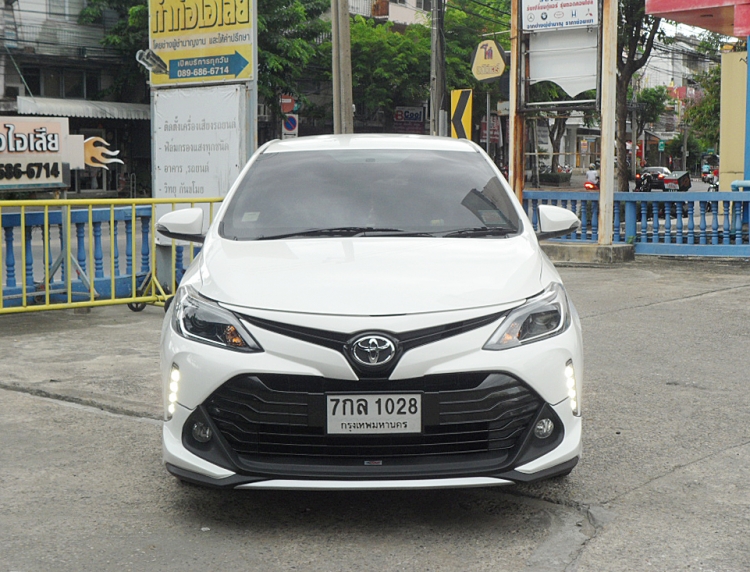ชุดแต่ง ชุดแต่ง Vios2017-2020 รุ่น OAP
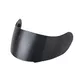 Motorradhelm W-TEC Integra Solid - Matt Schwarz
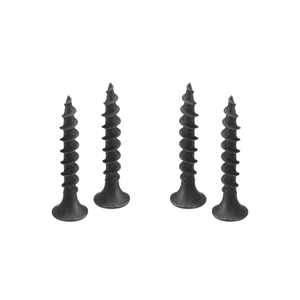 Tornillos para Madera de Acero al Carbono Negro, Tornillos para Paneles de Yeso ISO Métricos, Fabricante Mayorista de Herrajes de Fijación - Product Image 6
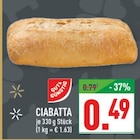 Ciabatta Angebote von GUT&GÜNSTIG bei Marktkauf Dinslaken für 0,49 €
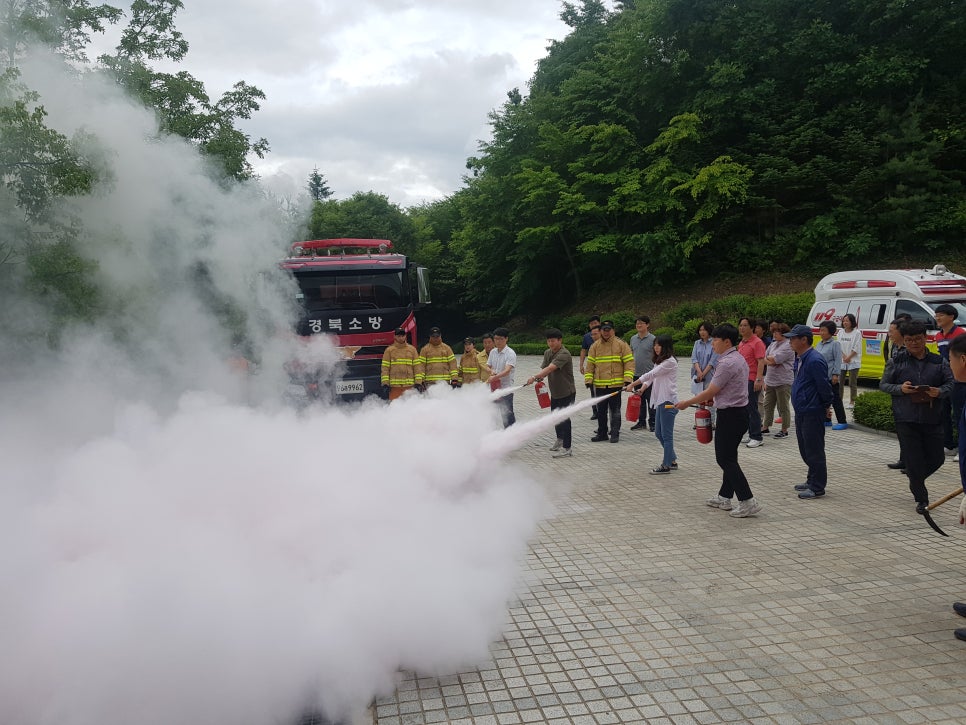 도산119 안전센터 이미지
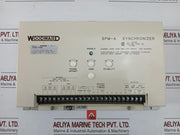 50/60 Hz Lwoodward 9905-001 Spm-A Synchronizer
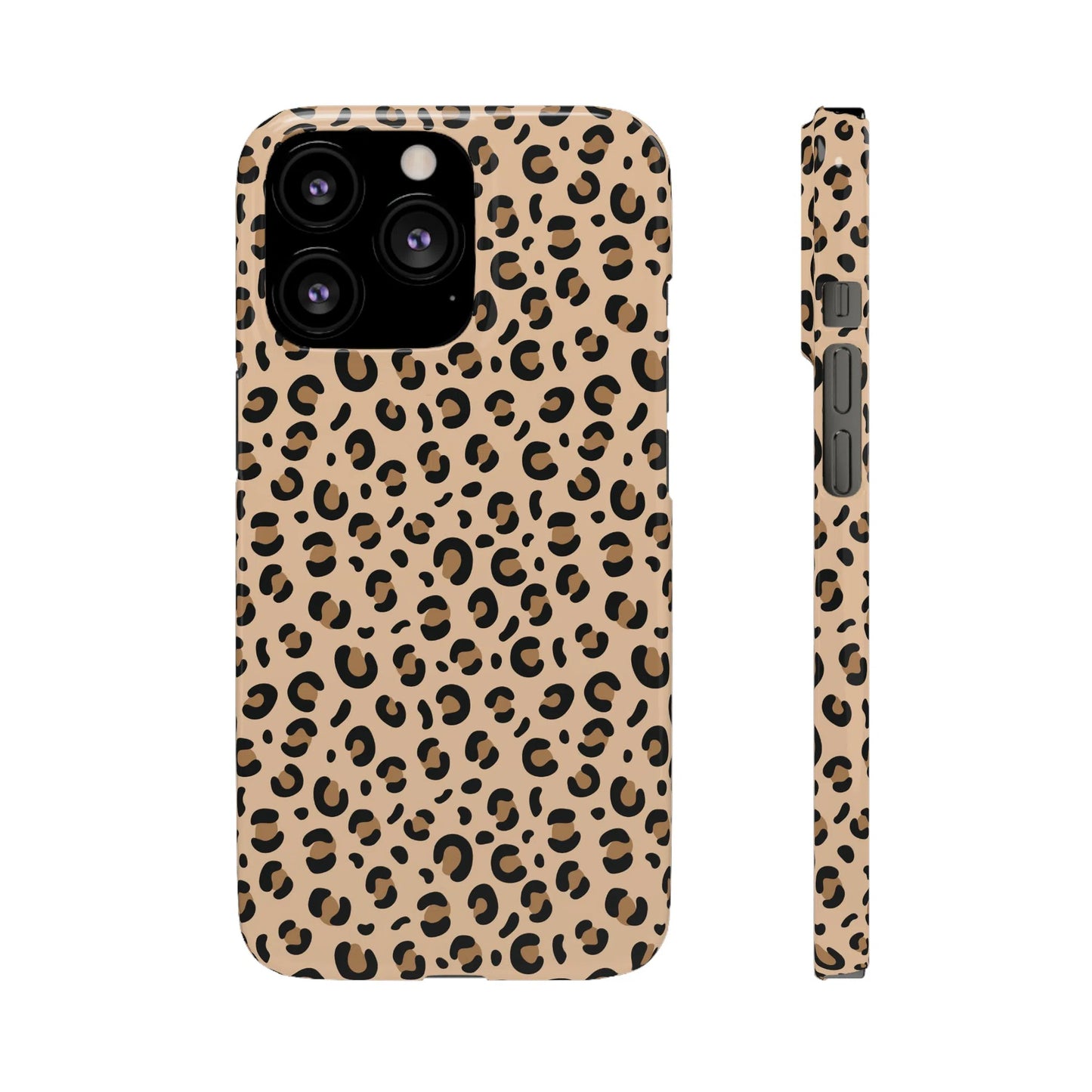 Cheetah Chic | Snap Case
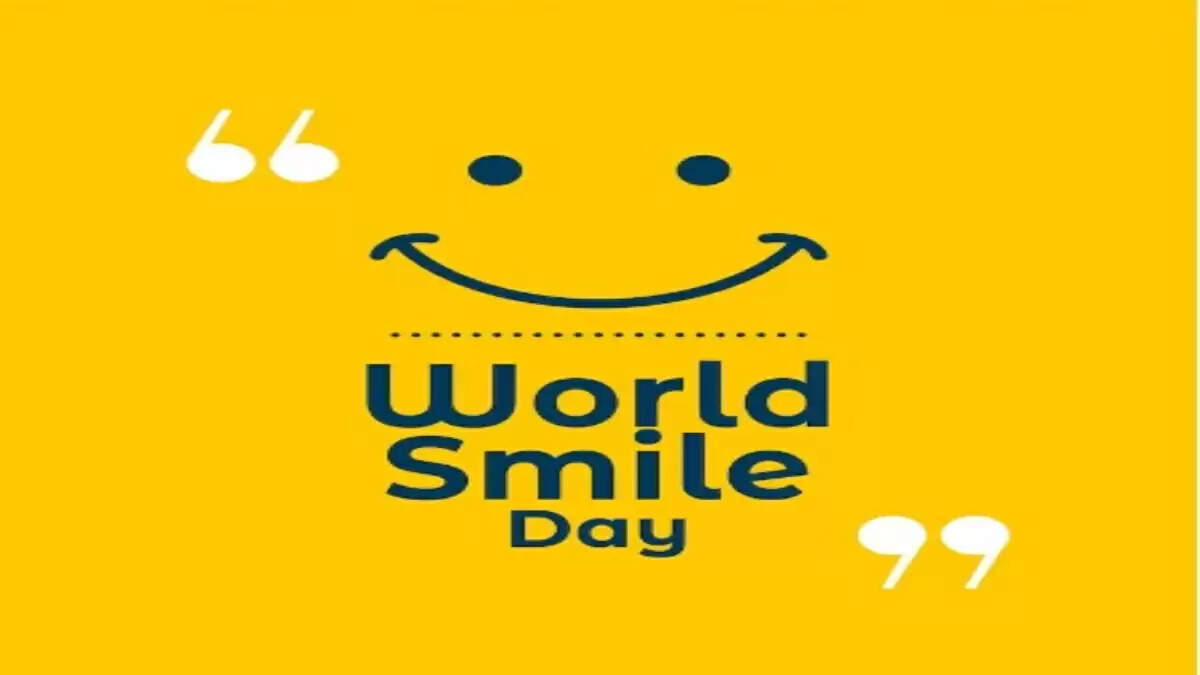 World Smile Day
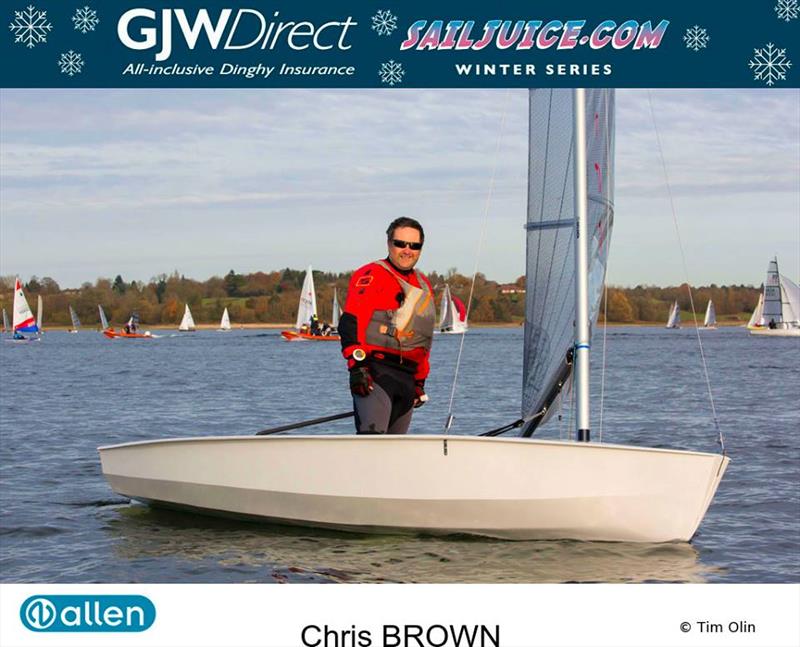 Chris Brown during the Fernhurst Books Draycote Dash - photo © Tim Olin / www.olinphoto.co.uk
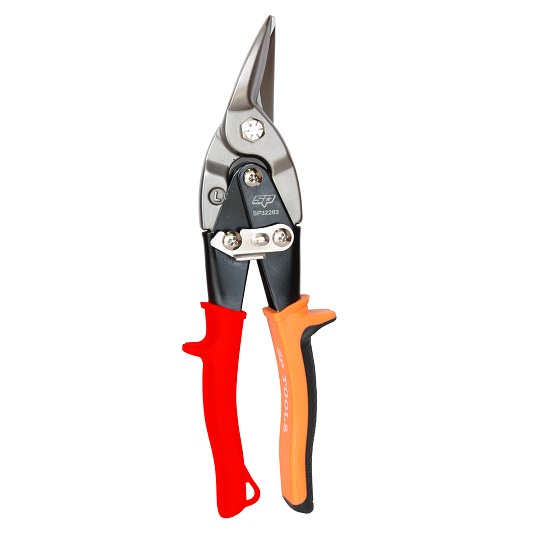 10”(250mm) Snip Aviation Shear Snip - Left - SP Tools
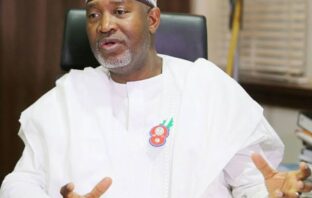 Aviation minister takes delivery of 3 aircraft for NCAT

==================================================

• Task statement
Copy every line above exactly, leaving no picture in the copy.

• Final answer
ชุดแต่ง ชุดแต่ง Vios2017-2020 รุ่น OAP
 Motorradhelm W-TEC Integra Solid - Matt Schwarz
 Tornillos para Madera de Acero al Carbono Negro, Tornillos para Paneles de Yeso ISO Métricos, Fabricante Mayorista de Herrajes de Fijación - Product Image 6
 Ciabatta Angebote von GUT&GÜNSTIG bei Marktkauf Dinslaken für 0,49 €
 도산119 안전센터 이미지
 50/60 Hz Lwoodward 9905-001 Spm-A Synchronizer
 Cheetah Chic | Snap Case
 World Smile Day
 Chris Brown during the Fernhurst Books Draycote Dash - photo © Tim Olin / www.olinphoto.co.uk
 10”(250mm) Snip Aviation Shear Snip - Left - SP Tools
 Aviation minister takes delivery of 3 aircraft for NCAT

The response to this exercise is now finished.